— BRIEF —
Could you retype all of the records exactly, leaving out every picture?

— SOURCE INFORMATION —

┌────────

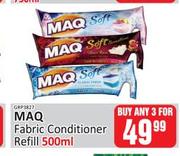 Maq Fabric Conditioner Refill-For Any 3 x 500ml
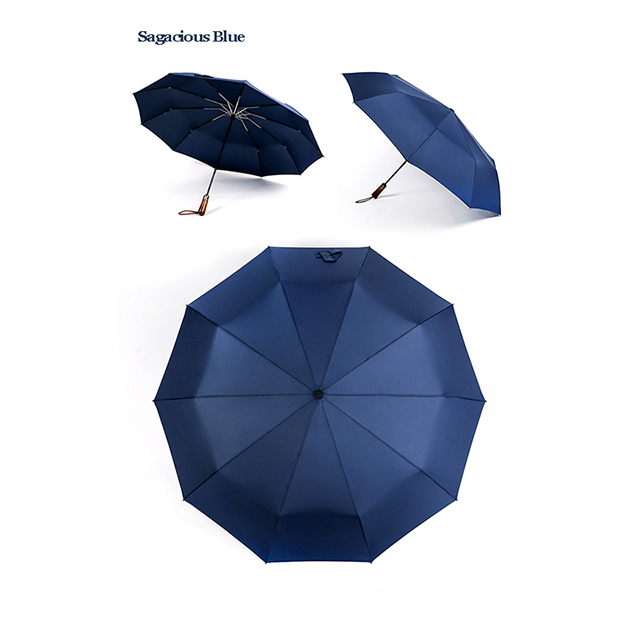 Comfortable Hold Automatic Design Folding Large Flathalo Umbrella 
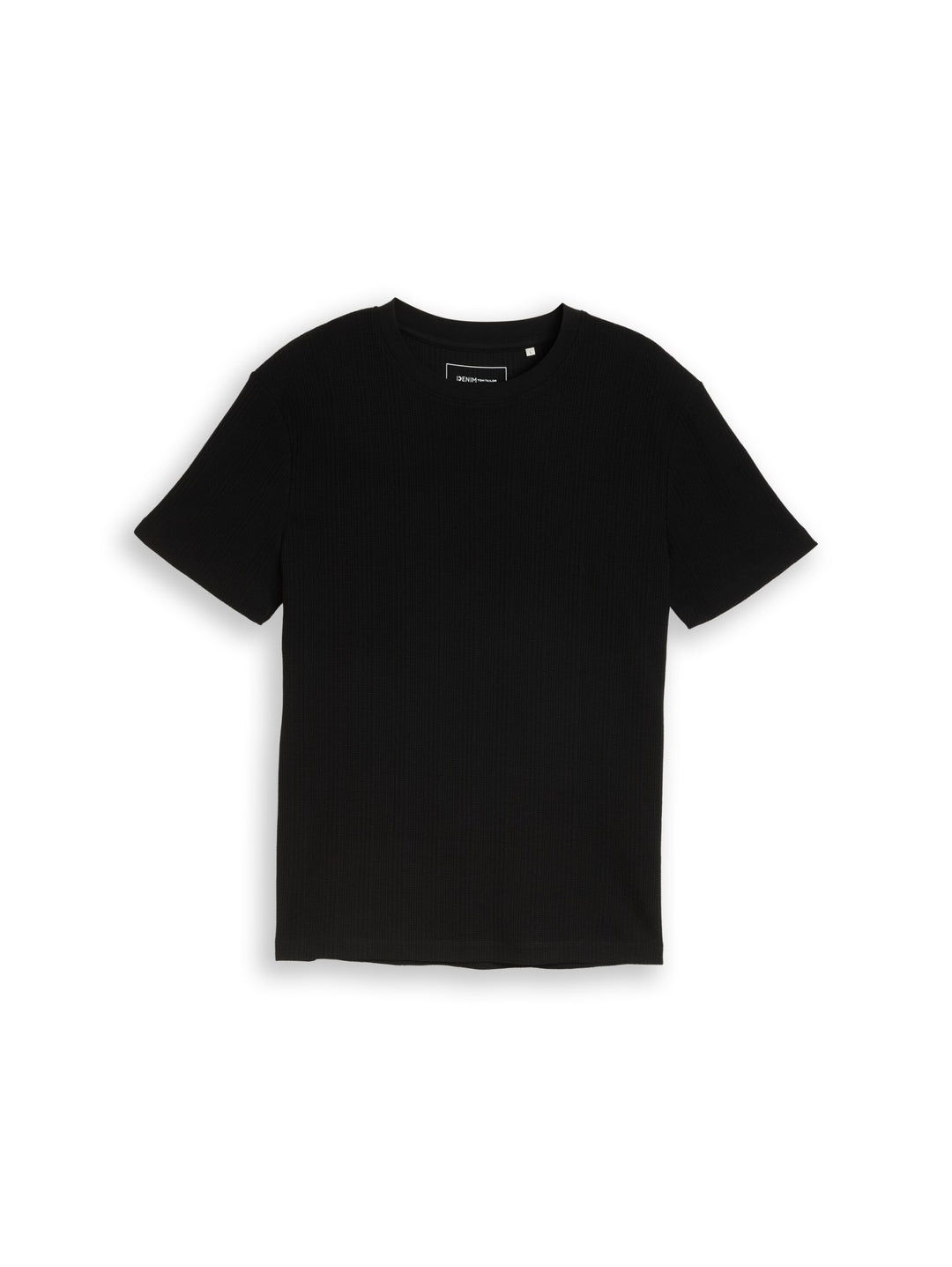 structured t-shirt, Black 29999 Bild 1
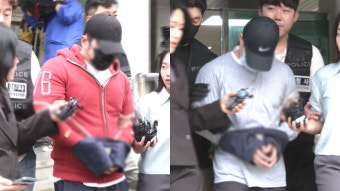 '경찰관 추락사 '마약 현장 핵심 피의자 2명 구속 송치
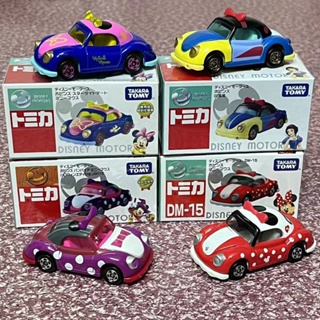 Tomy tomy tomy tomy tomy Ka Mickey Minnie Snow White Dream Série de carros esportivos Alloy Toy Car Modelo Ornamentos
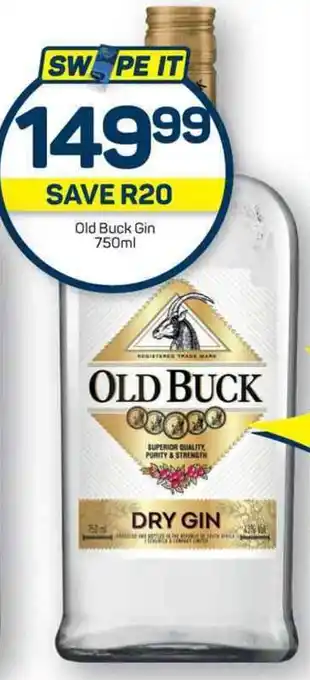 Pick n Pay Old Buck Gin 750ml offer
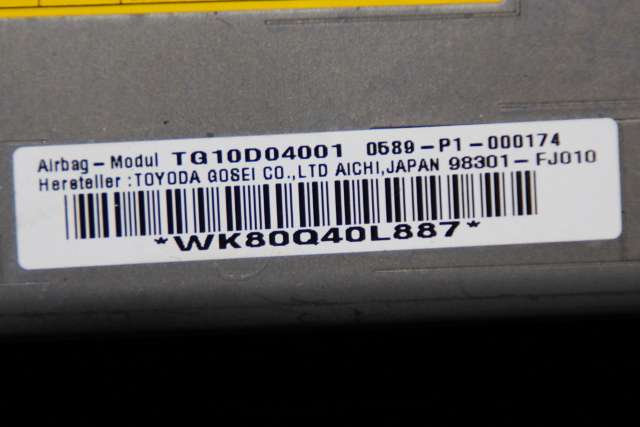 Airbag kne til Subaru Impreza 2013-2017 (Type IV)  (SUBARU|98301-FJ010|)
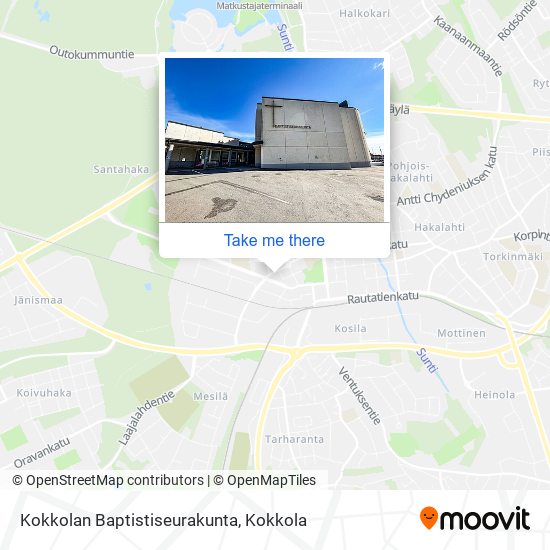 Kokkolan Baptistiseurakunta map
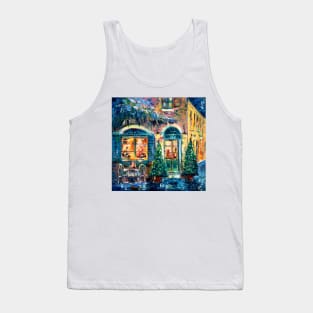 A Familiar Street in The Old Town Before Christmas Tank Top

└────────

— SOLUTION —
 Maq Fabric Conditioner Refill-For Any 3 x 500ml
 Comfortable Hold Automatic Design Folding Large Flathalo Umbrella 
 structured t-shirt, Black 29999 Bild 1
 '경찰관 추락사 '마약 현장 핵심 피의자 2명 구속 송치
 Tomy tomy tomy tomy tomy Ka Mickey Minnie Snow White Dream Série de carros esportivos Alloy Toy Car Modelo Ornamentos
 Pick n Pay Old Buck Gin 750ml offer
 Airbag kne til Subaru Impreza 2013-2017 (Type IV)  (SUBARU|98301-FJ010|)
 Kokkolan Baptistiseurakunta map
 A Familiar Street in The Old Town Before Christmas Tank Top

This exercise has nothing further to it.